Web page caption snippets:
+ + + + + + +

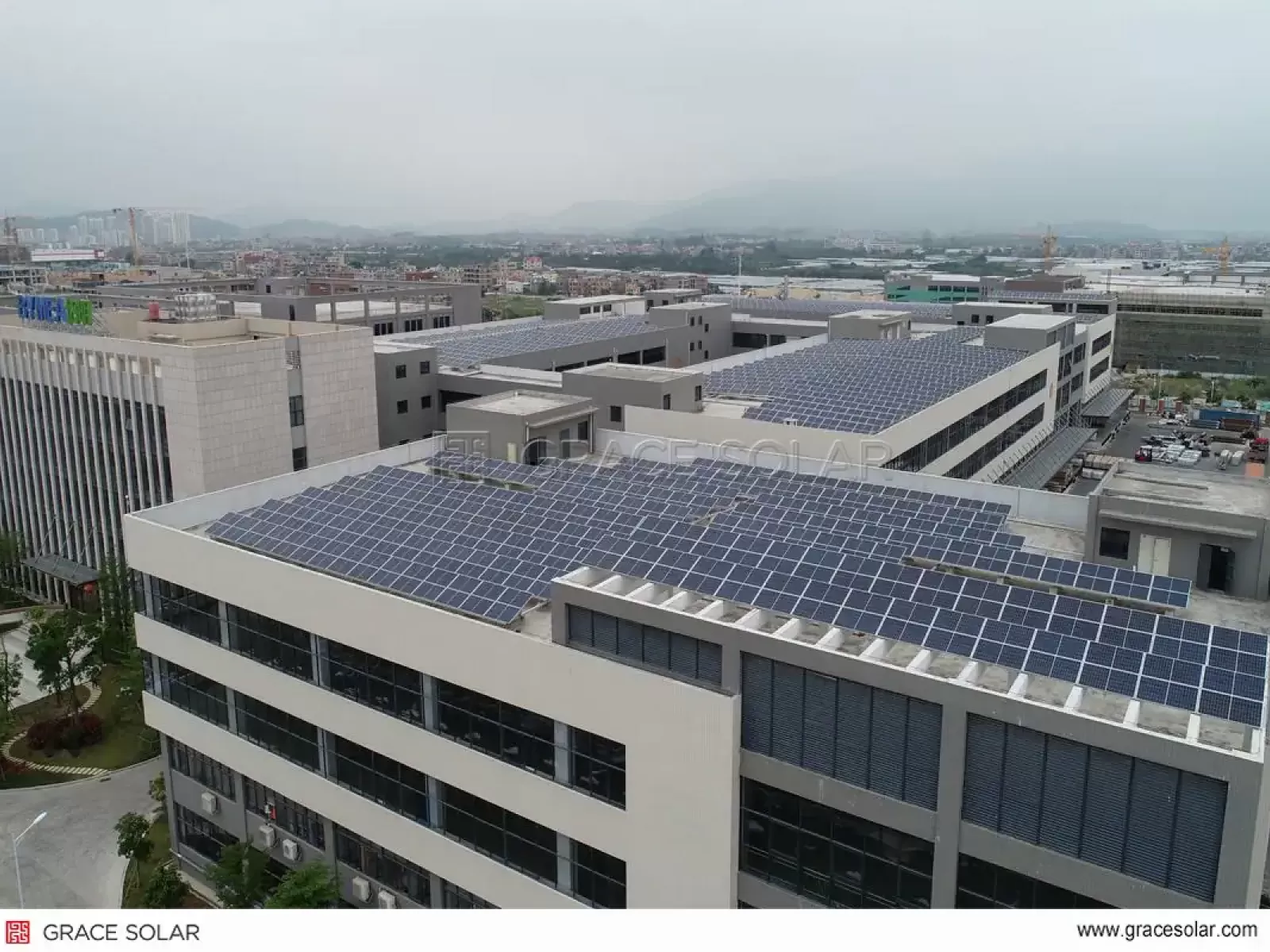Grace Solar 880KW Rooftop Mounting System Panoramic Overview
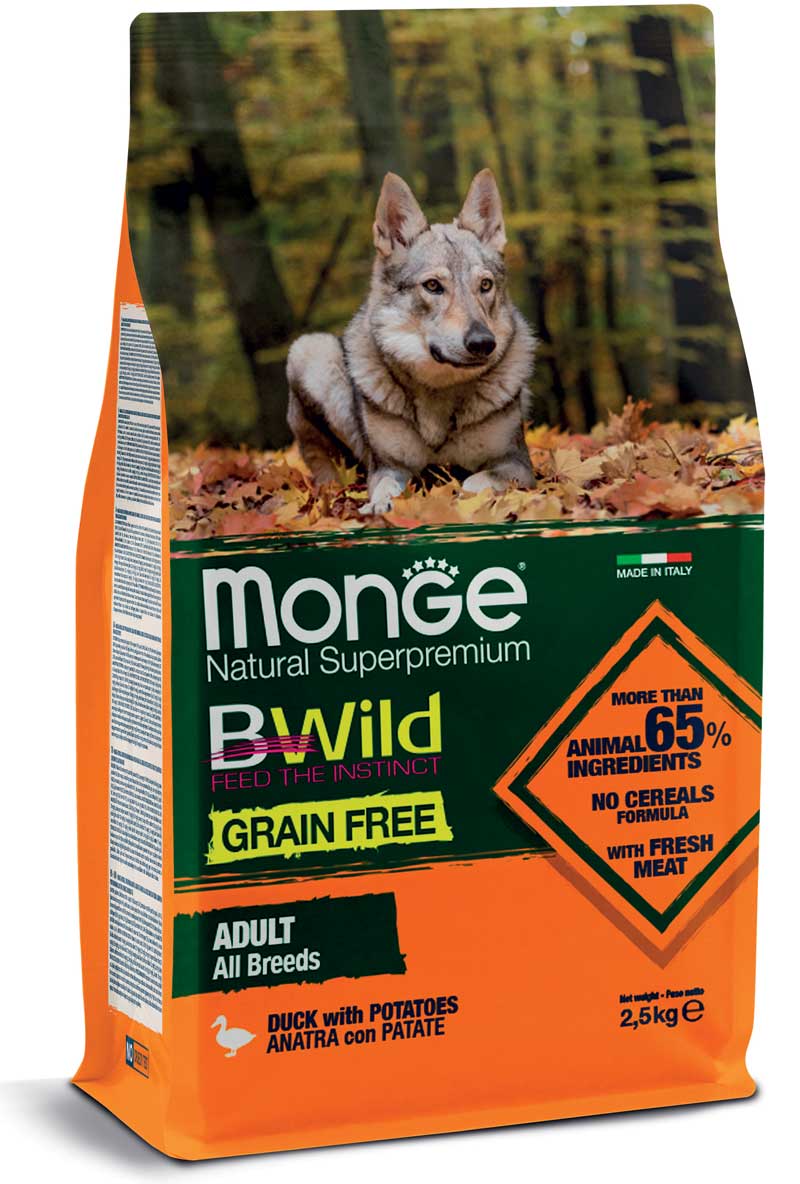 MONGE CANE BWILD GRAIN FREE ADULTO ALL BREEDS ANATRA & PATATE 2,5 KG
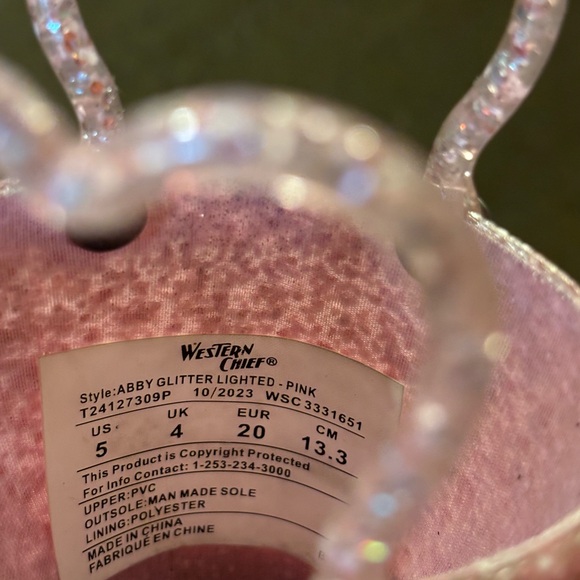 Western chief toddler Abby glitter rain boots - Picture 4 of 4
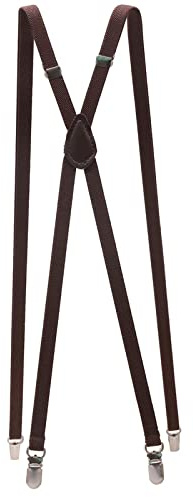 WEJUN Hombres Tirantes Tirantes De 1Cm para Mujer, Unisex, Ajustados, Finos, Tirantes para Pantalones, Tirantes Ajustables, Pantalones con Clip, Tirantes, Cinturón, Marrón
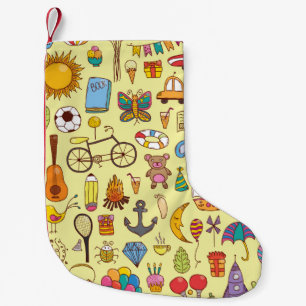 Petite Chaussette De Noël motif vintage à main sans soudure avec doodle ki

+ + + + + + +

ASSIGNMENT:
Pictures are to be left out; the answer must otherwise be exactly the lines from the one with "WEJUN Hombres Tirantes" through the final line of the entries above, both included.

RESULT:
 WEJUN Hombres Tirantes Tirantes De 1Cm para Mujer, Unisex, Ajustados, Finos, Tirantes para Pantalones, Tirantes Ajustables, Pantalones con Clip, Tirantes, Cinturón, Marrón
 Petite Chaussette De Noël motif vintage à main sans soudure avec doodle ki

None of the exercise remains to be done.